Students who come to CJP often notice something very different in the classroom within the first week. CJP professors describe their students as “colleagues masquerading as students.” Professors don’t spend the entire class period lecturing. They invite students to ask a lot of questions and conduct long discussions as a class or in small groups. For some students this can be unsettling at first, but by the end of the first semester when a group dynamic has gelled, most see the deep wisdom in this “elicitive” model of teaching, an approach that dares to let knowledge creation and learning happen in the collaborative dance between instructor and student, materials and activities.

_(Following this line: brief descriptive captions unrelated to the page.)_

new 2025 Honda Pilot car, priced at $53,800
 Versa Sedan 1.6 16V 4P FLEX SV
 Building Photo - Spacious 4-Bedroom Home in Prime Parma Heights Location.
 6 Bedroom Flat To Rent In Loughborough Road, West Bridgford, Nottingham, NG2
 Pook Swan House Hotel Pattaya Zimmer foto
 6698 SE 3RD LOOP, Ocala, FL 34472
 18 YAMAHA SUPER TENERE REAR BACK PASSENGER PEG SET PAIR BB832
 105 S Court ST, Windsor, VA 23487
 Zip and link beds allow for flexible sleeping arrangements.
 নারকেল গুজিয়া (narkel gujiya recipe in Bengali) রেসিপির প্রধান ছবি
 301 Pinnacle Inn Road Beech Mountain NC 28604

So when I went to Ethiopia last month to teach, this is the style of teaching that I took with me. Because I was warned that my students would be used to Western teachers using traditionally Western methods, I spent time on the first day of class making explicit how I was and was not going to be teaching the class. Part of my explanation was bare honesty: As a first-time teacher in a new culture, I needed to teach this way, because I had just as much to learn as the students. It worked. As part of my “monitoring and evaluation” process for the class, I handed out evaluation forms to all students at the end of each of the three weeks of class. This feedback helped me adjust the content and form of the class to better suit the pace and interests of the students. The most consistent topic in all three weeks of class in the comments section had to do with my teaching style and how (most of the time) it was working well for the students. One student remarked, “You are a new teacher but you teach like an experienced teacher.” Others noted their surprise that a Westerner could teach this way because, for instance, “you see us as a brother.”
There is something truly remarkable about the pedagogical style of the CJP. To be fair to the broader EMU institution – where I see similar sensitivities at work – this style reflects some long-held attitudes and practices of the Anabaptist tradition, in which EMU finds itself. Humility and patience are, after all, Christian virtues that Anabaptists have typically faithfully inhabited. That these functioned in the way I taught and had such a positive impact on my first teaching experience is something I’m very grateful to CJP for showing me first-hand.
On the final evaluation form, one of my students wrote: “I encourage you, please come back and teach in this college.” What better encouragement could an Iowa boy ask for in such circumstances?
[Brian Gumm is the co-editor of the Peacebuilder Online blog for Eastern Mennonite University’s Center for Justice and Peacebuilding (CJP) and is also a student in EMU’s dual degree program between the CJP and Seminary. More on Brian’s teaching practicum in Ethiopia can be found on his personal Restorative Theology blog.]
Thanks for the reflection on the teaching style. If we really want to be a “community” of learners we need methodologies and structures that make “community” possible. I’m glad you shared your experience. It’s a good example of how the methodology works.
Brian, I’m glad to hear that all went well for you and your family in Ethiopia. Thanks for sharing a bit about your amazing experience and hopefully I’ll get to hear more once school starts again in the fall.
All the best!
Brian, it was good to read about your experience. I recognized many of my students in your picture. A wonderful group of students. It sounds like you and I took fairly similar approaches to teaching.